GLN「鹿角の温故知新への旅・鹿角先人列伝一覧」

柳沢弘志:柳澤弘志

 「鹿角の歴史案内」の著者。 「上津野」研究発表バックナンバーNO.12同NO.20
参考(出典):「鹿角の歴史案内」
 
△鹿角の歴史案内 はじめに
 柴平(しばひら)村に生れてから父の職業柄、岩手県内を転々と移り住んで、学校は一二回も転校した。 それでも、柴内(しばない)小学校に四年間、高校時代の二年間、三〇歳から六〇歳までの三六年間この地で お世話になった。半分よそ者であるが、係累はまぎれもなくこの地で暮らしている。
 父は、旧姓阿部なので八幡平長内(おさない)の阿部の血を引いている。しかし、その阿部も秋元に嫁に きていたので秋元の血も流れて居る。だからこそと言って、鹿角四氏をひけらかすつもりはさらさらない。 今となれば、どなたもそれなりにいくばくかのつながりがあろうと思われるのである。
 
 自分のルーツを尋ねて歴史を構築するのは大変結構なことである。しかし、それが世に出るとき、 その書いたものは大きな影響をあたえ、それが通説となって一人歩くならば、大変なことになる。 世に歴史を語る書物は無数にある。しかし真実は、語る人によって、本当のことを隠したり、 一面だけを語ってゆがめたり、あるいは美化したりしてしまいがちである。歴史をひもとくとき、そこが一番見極め の大切な点ではなかろうか。
 
 歴史を語る資格は誰にでもある。学者でも、私のような歴史愛好家でも、 はたまた全くの素人でもなんら制限はないものと考えるものである。 ああではないか、こうではないかと思いを語れるのが歴史である。だから、この本に権威は求めないし、 能力から言ってもできるわけはない。

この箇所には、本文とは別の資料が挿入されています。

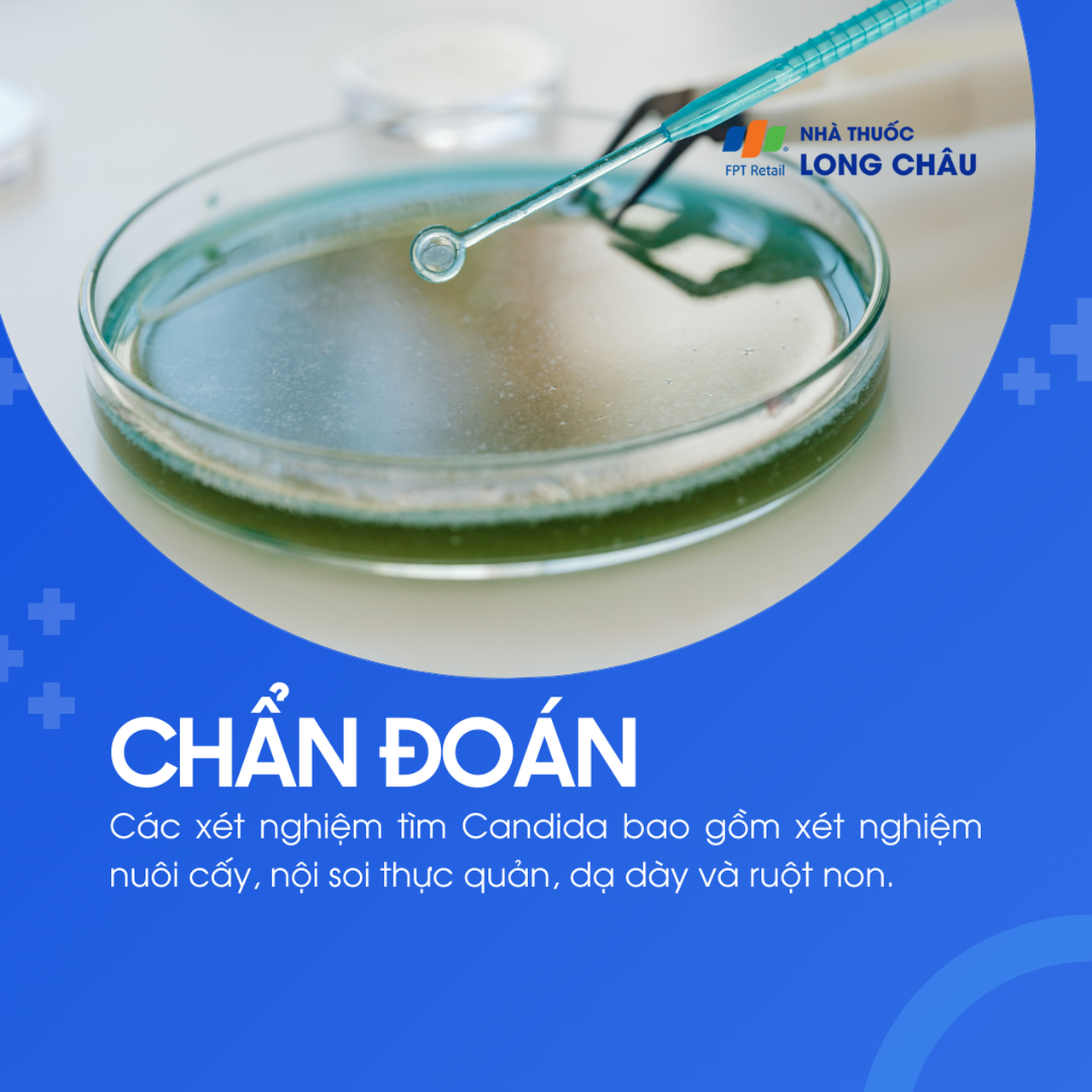 Chẩn đoán nấm Candida qua xét nghiệm nuôi cấy, nội soi thực quản, dạ dày hoặc ruột non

 まず、あちらこちらから北東北に関する歴史関係の書を漁って、紹介してみたいと思いまとめてみたのがこの本である。 研究論文のような、一つひとつの出典の明記は省略した。何だこの説は、などと言われても、巻末に収載した 参考文献のどれかに書かれていることは確かである。そのなかに、さしたる根拠もなく自分の考えを入れてみた。 たくさんの矛盾点が見つかることでしょう。権威者や先人には誠に失礼な言いぐさと思われるでしょうが、 どうかお許しを請うものである。
 
 できるだけ真実を求め、偏見なく郷土の歴史を編纂しようと思う。しかしそれは、大変難儀な仕事になることは予測できる。 なぜなら、歴史は人の手でつくられたものでしか後世の者は知ることができないからである。 真実は何かを求めても力が及ばない。せめて歴史の出来事に対してこんな風に考えている人も居るんだなという面を 数多く伝えたいものと思いたったわけである。
 この本がきっかけとなって、一人でも多くの読者の皆様が、うそではないか、もっと知りたい、 調べてみたいということになれば、私の望外の喜びとするところである。 巻末の参考文献をひもといて、本当の真実を明らかにして欲しいということが、この本の主旨である。